* [Supplied information]
|---|
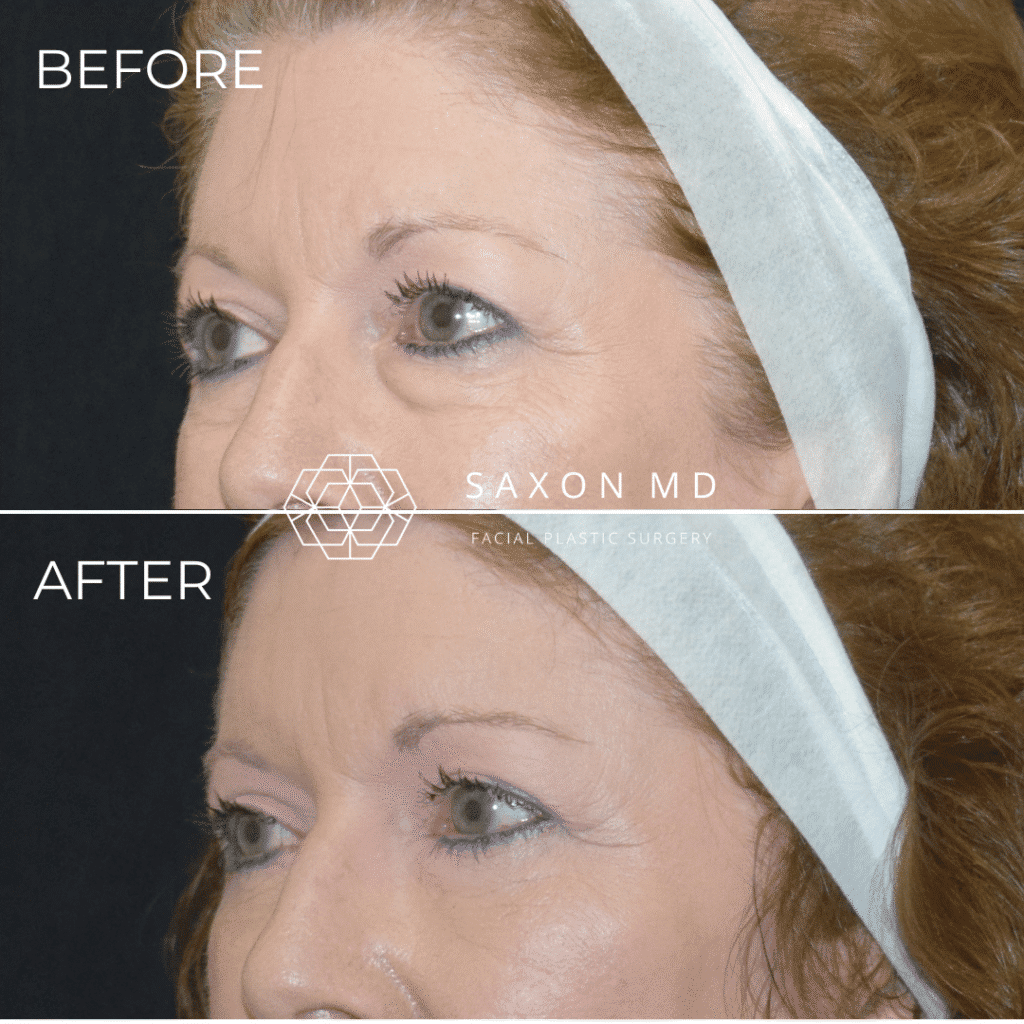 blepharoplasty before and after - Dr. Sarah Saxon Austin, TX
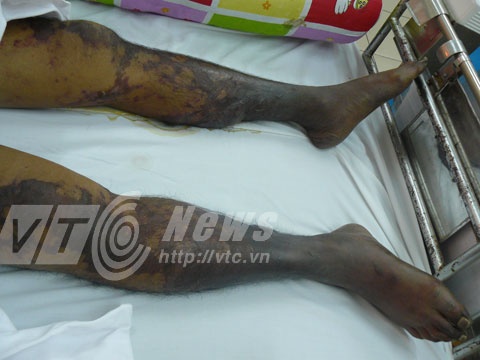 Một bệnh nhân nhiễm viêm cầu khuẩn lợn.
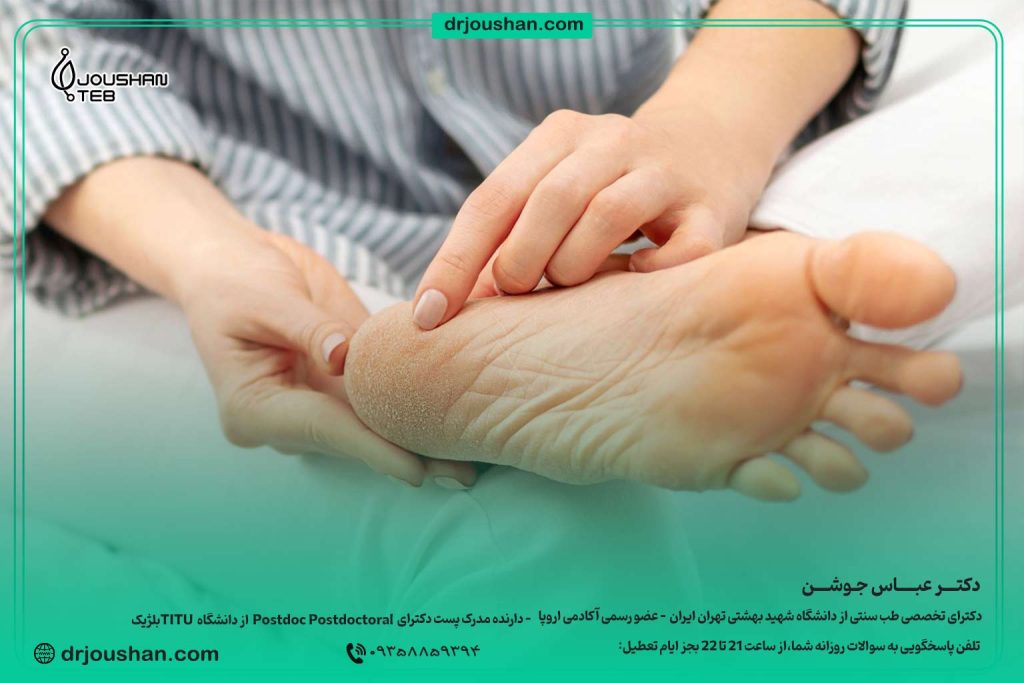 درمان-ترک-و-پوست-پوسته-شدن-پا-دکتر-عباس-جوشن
|---|
From the material above, output every line exactly as written, dropping any picture.

 blepharoplasty before and after - Dr. Sarah Saxon Austin, TX
 Một bệnh nhân nhiễm viêm cầu khuẩn lợn.
 درمان-ترک-و-پوست-پوسته-شدن-پا-دکتر-عباس-جوشن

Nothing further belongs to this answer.